◆ Exercise inputs
========================================
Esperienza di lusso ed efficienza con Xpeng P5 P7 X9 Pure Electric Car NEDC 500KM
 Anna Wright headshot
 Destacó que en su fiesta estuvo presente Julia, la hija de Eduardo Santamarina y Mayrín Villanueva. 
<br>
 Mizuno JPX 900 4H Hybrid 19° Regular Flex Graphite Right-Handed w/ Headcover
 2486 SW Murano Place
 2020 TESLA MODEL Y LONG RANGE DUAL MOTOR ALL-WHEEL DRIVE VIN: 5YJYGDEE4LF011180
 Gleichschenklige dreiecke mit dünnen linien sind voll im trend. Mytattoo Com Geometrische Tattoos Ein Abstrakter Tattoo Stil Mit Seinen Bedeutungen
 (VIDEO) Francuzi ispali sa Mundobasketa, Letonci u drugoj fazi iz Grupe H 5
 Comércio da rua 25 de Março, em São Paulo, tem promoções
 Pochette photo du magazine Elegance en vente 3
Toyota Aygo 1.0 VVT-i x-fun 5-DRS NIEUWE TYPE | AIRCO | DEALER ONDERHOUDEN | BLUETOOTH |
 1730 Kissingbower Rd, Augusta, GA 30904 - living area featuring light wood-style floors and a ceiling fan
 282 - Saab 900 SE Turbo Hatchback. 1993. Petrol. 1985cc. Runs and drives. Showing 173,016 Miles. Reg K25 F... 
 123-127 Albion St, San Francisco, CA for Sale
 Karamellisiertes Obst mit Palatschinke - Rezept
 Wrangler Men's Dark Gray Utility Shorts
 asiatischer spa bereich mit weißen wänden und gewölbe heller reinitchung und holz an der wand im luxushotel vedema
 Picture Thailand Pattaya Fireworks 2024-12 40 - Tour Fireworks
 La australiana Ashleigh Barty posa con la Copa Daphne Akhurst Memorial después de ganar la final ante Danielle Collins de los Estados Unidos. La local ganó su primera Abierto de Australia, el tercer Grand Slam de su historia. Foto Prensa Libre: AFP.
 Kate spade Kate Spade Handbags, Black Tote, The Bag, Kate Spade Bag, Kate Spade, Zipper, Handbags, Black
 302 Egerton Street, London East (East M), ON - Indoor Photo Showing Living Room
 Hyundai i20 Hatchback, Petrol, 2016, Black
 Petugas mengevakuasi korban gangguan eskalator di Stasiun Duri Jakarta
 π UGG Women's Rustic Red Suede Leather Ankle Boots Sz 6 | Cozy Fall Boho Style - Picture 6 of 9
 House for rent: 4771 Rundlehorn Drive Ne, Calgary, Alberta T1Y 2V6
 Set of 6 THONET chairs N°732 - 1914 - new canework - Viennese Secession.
========================================
◆ What you will do
Reproduce every line of the data without changing a word.

◆ Final answer
Esperienza di lusso ed efficienza con Xpeng P5 P7 X9 Pure Electric Car NEDC 500KM
 Anna Wright headshot
 Destacó que en su fiesta estuvo presente Julia, la hija de Eduardo Santamarina y Mayrín Villanueva. 
<br>
 Mizuno JPX 900 4H Hybrid 19° Regular Flex Graphite Right-Handed w/ Headcover
 2486 SW Murano Place
 2020 TESLA MODEL Y LONG RANGE DUAL MOTOR ALL-WHEEL DRIVE VIN: 5YJYGDEE4LF011180
 Gleichschenklige dreiecke mit dünnen linien sind voll im trend. Mytattoo Com Geometrische Tattoos Ein Abstrakter Tattoo Stil Mit Seinen Bedeutungen
 (VIDEO) Francuzi ispali sa Mundobasketa, Letonci u drugoj fazi iz Grupe H 5
 Comércio da rua 25 de Março, em São Paulo, tem promoções
 Pochette photo du magazine Elegance en vente 3
Toyota Aygo 1.0 VVT-i x-fun 5-DRS NIEUWE TYPE | AIRCO | DEALER ONDERHOUDEN | BLUETOOTH |
 1730 Kissingbower Rd, Augusta, GA 30904 - living area featuring light wood-style floors and a ceiling fan
 282 - Saab 900 SE Turbo Hatchback. 1993. Petrol. 1985cc. Runs and drives. Showing 173,016 Miles. Reg K25 F... 
 123-127 Albion St, San Francisco, CA for Sale
 Karamellisiertes Obst mit Palatschinke - Rezept
 Wrangler Men's Dark Gray Utility Shorts
 asiatischer spa bereich mit weißen wänden und gewölbe heller reinitchung und holz an der wand im luxushotel vedema
 Picture Thailand Pattaya Fireworks 2024-12 40 - Tour Fireworks
 La australiana Ashleigh Barty posa con la Copa Daphne Akhurst Memorial después de ganar la final ante Danielle Collins de los Estados Unidos. La local ganó su primera Abierto de Australia, el tercer Grand Slam de su historia. Foto Prensa Libre: AFP.
 Kate spade Kate Spade Handbags, Black Tote, The Bag, Kate Spade Bag, Kate Spade, Zipper, Handbags, Black
 302 Egerton Street, London East (East M), ON - Indoor Photo Showing Living Room
 Hyundai i20 Hatchback, Petrol, 2016, Black
 Petugas mengevakuasi korban gangguan eskalator di Stasiun Duri Jakarta
 π UGG Women's Rustic Red Suede Leather Ankle Boots Sz 6 | Cozy Fall Boho Style - Picture 6 of 9
 House for rent: 4771 Rundlehorn Drive Ne, Calgary, Alberta T1Y 2V6
 Set of 6 THONET chairs N°732 - 1914 - new canework - Viennese Secession.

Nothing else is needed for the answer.